_What to do_
Pictures in the data should be dropped; transcribe exactly the lines from the one that has "Pour Cadillac ATS" through the one that has "Flatweave Tanner Red Rug".

_Records for the task_
____________
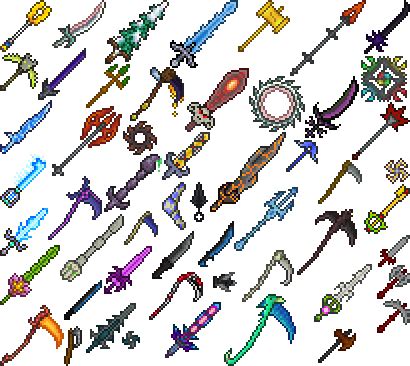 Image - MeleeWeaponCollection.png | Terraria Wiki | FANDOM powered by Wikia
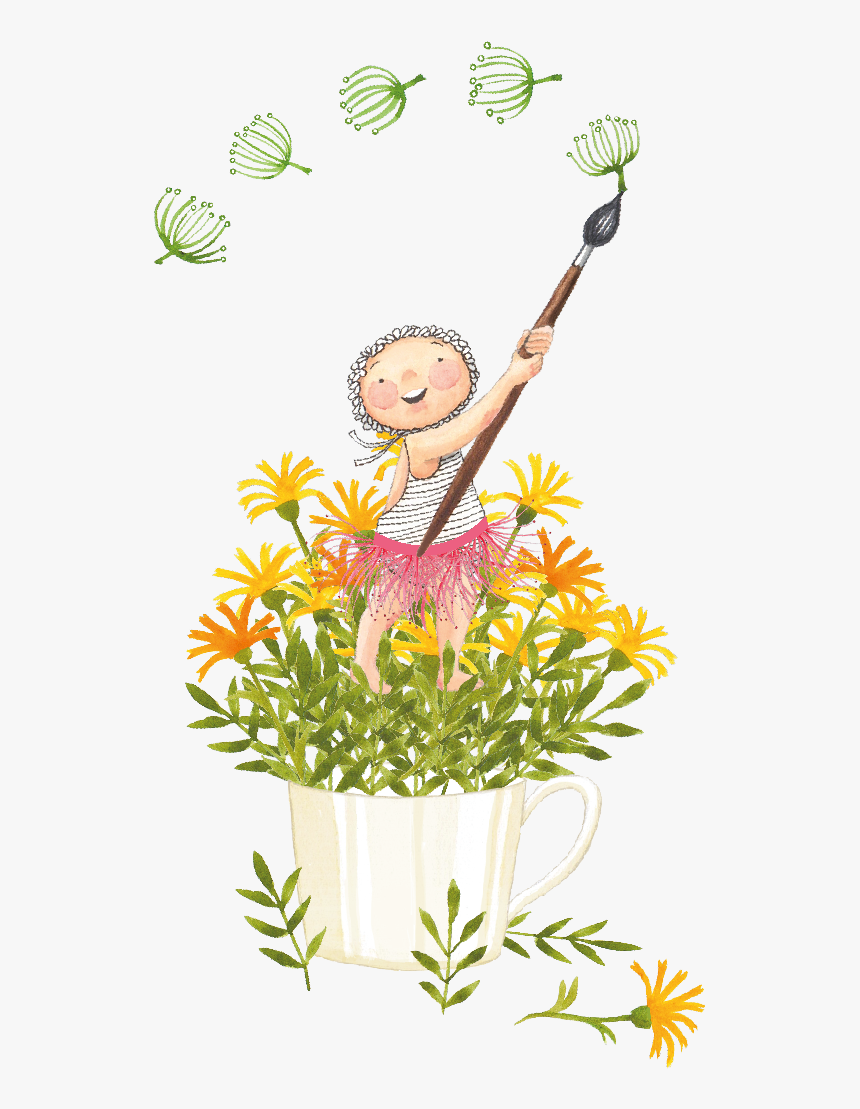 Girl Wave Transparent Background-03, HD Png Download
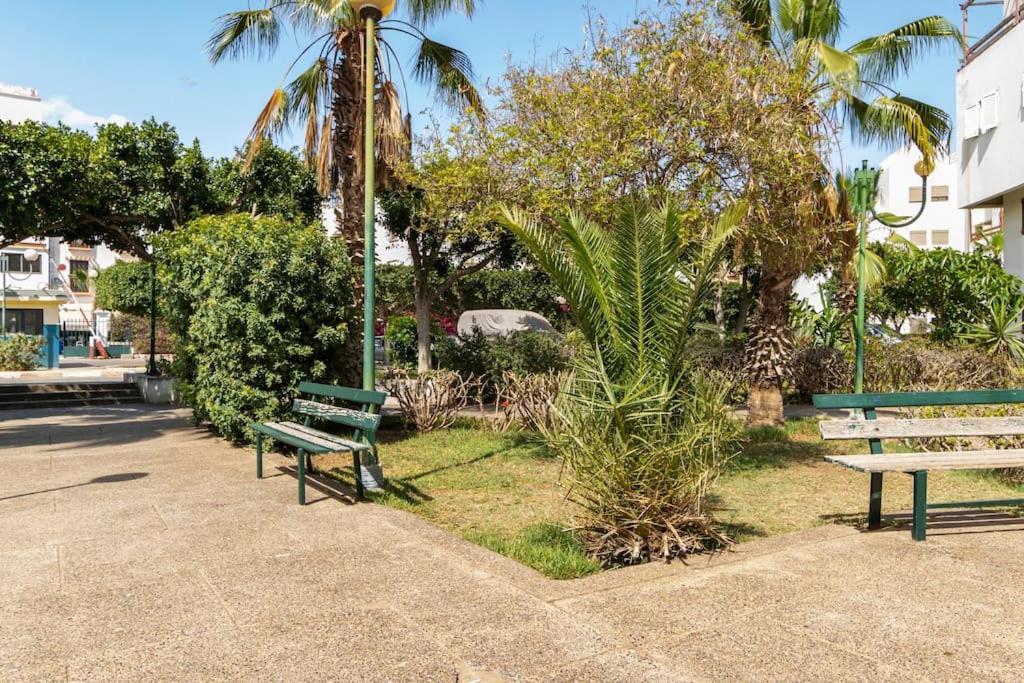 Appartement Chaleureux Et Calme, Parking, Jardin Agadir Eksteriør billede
____________
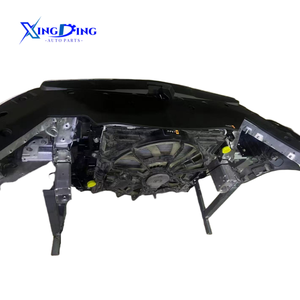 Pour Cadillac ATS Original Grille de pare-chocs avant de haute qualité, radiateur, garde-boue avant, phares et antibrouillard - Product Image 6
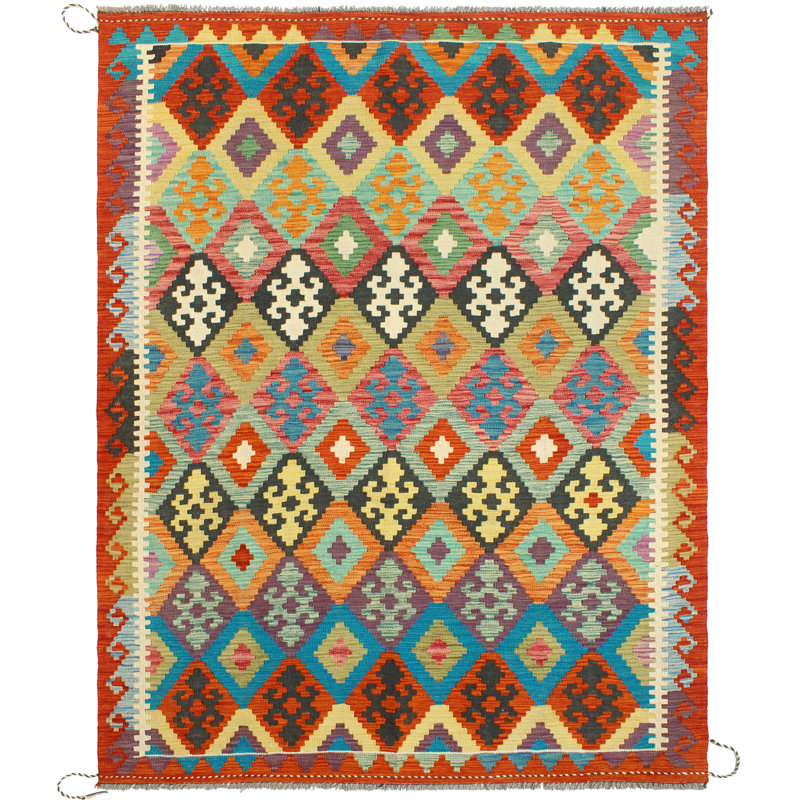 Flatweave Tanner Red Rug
____________
_Solution for this task_
 Pour Cadillac ATS Original Grille de pare-chocs avant de haute qualité, radiateur, garde-boue avant, phares et antibrouillard - Product Image 6
 Flatweave Tanner Red Rug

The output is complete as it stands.